As a tour drew to a close we walked through some of the other cells and saw some of the other parts of the building, ED joined us, he was meeting one of the Faculty members to go visit a village and bring them a gift. I gave him a guided tour of what he missed and he too was moved by the information I provided, though not to tears.

We moved on to Elmina Castle, the largest of these castles in the Sub Sahara African countries, where we pretty much heard more of the same, these castles are located on the same coastline a few miles from each other and were operating at the same time. The one detail that really stuck out for me at this particular castle was that here like at Cape Coast the men and women were kept separate, however the Governor’s bedroom and the men’s mess hall was immediately about the courtyard of the female captives. At any given time the Governor could step out onto his balcony and select a female captive which would then be taken to a corner of the courtyard and forced up sets of wooden stairs to a hatch where she would then be taken to the Governor’s quarters and raped.


 Any female captive that rebelled or tried to escape would be made an example of and made to stand in the corner of the courtyard, that gets all the day’s sun, chained to a cannon ball (think Prometheus).

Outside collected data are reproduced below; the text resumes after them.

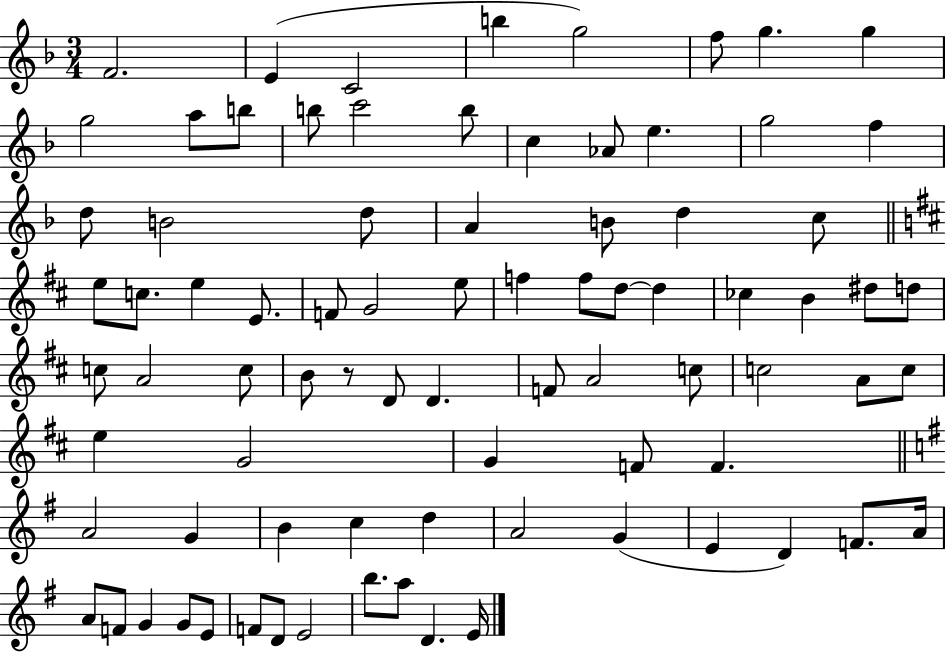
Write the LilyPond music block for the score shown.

{
  \clef treble
  \numericTimeSignature
  \time 3/4
  \key f \major
  f'2. | e'4( c'2 | b''4 g''2) | f''8 g''4. g''4 | \break g''2 a''8 b''8 | b''8 c'''2 b''8 | c''4 aes'8 e''4. | g''2 f''4 | \break d''8 b'2 d''8 | a'4 b'8 d''4 c''8 | \bar "||" \break \key b \minor e''8 c''8. e''4 e'8. | f'8 g'2 e''8 | f''4 f''8 d''8~~ d''4 | ces''4 b'4 dis''8 d''8 | \break c''8 a'2 c''8 | b'8 r8 d'8 d'4. | f'8 a'2 c''8 | c''2 a'8 c''8 | \break e''4 g'2 | g'4 f'8 f'4. | \bar "||" \break \key g \major a'2 g'4 | b'4 c''4 d''4 | a'2 g'4( | e'4 d'4) f'8. a'16 | \break a'8 f'8 g'4 g'8 e'8 | f'8 d'8 e'2 | b''8. a''8 d'4. e'16 | \bar "|."
}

All the women were checked prior to embarking on a slave ship to ensure they were not pregnant. Any female found pregnant was not allowed aboard the ship, instead allowed to give birth and set free, her child to be educated by the state, thus these castles also became the first conduit to educate a mulato population. How altruistic?


The ride back to the ship was solemn and quiet most slept some read and others reflected. It was a heavy day.